Blair seemed to miss the mark completely, however - condemning the kidnappings, but also calling on Hamas to simply make a total about-face on its identity as a terrorist group instead of a political party.
"I'd like to express my outrage at what has happened - the kidnap of three young people - and to express my sympathy to the families at this moment," Blair said, "as well as the complete condemnation of the international community toward this abduction."
"The only way we're ever going to achieve peace is on the basis that all parts of Palestinian politics are committed to peaceful means," he said, including a two-state solution. "That means that for Hamas, they have a very clear choice to make - they cannot have political engagement on the one hand and violence on the other."
"The only way this is going to work is if all violence stops - the terrorism, the kidnappings, the killings," he added.
The European Union, the United States and the United Nations, have all indicated they were open to working with the new unity government despite the inclusion of Hamas, an internationally recognized terrorist organization.

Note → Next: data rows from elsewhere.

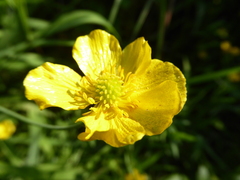Ranunculus lingua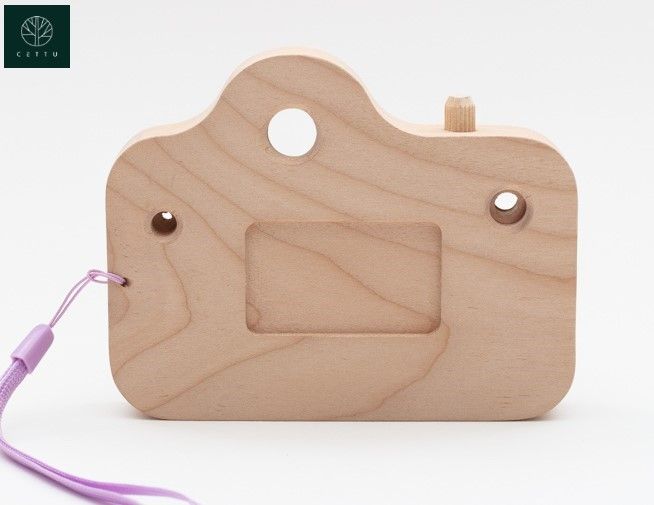 Cámara Fotográfica. ¡Alegría y entretenimiento!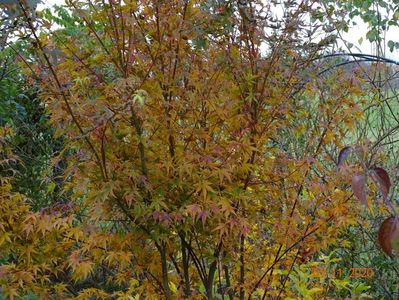 acer palmatum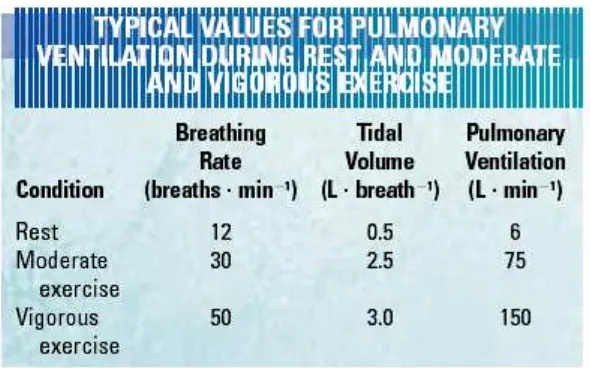 Gambar 6. Nilai ventilasi paru pada saat istirahat, latihan sedang dan berat                         (Sumber : Anonim, 2008d) 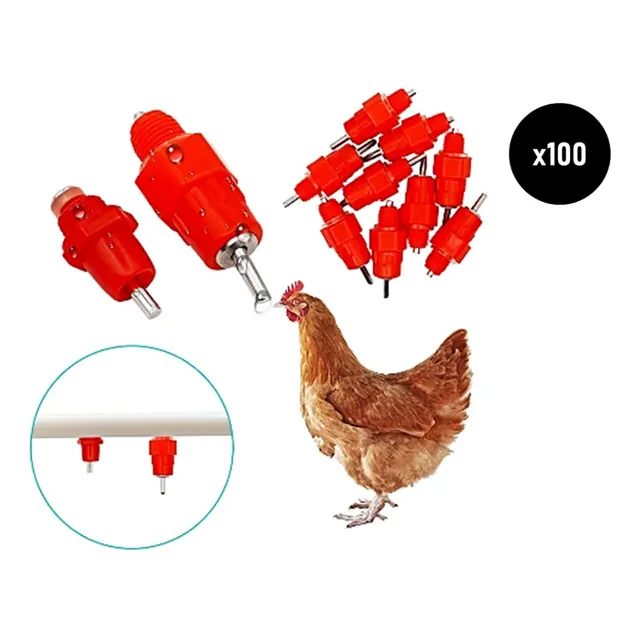 Bebedero Pollos Aves Gallinas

Blair's remarks surface hours after Hamas reportedly released another statement on the kidnappings, defiantly thumbing their nose at Israeli government efforts to crack down on the group - even after over 200 arrests.
"We've experienced attacks like this from Israel in the past, but we stood through them," the statement said. "The Hamas movement is not a movement of dozens, hundreds or thousands, but instead is a full stream. Arresting hundreds of our sons won't stop us, won't change our path and won't separate us from our obligations to our Palestinian people."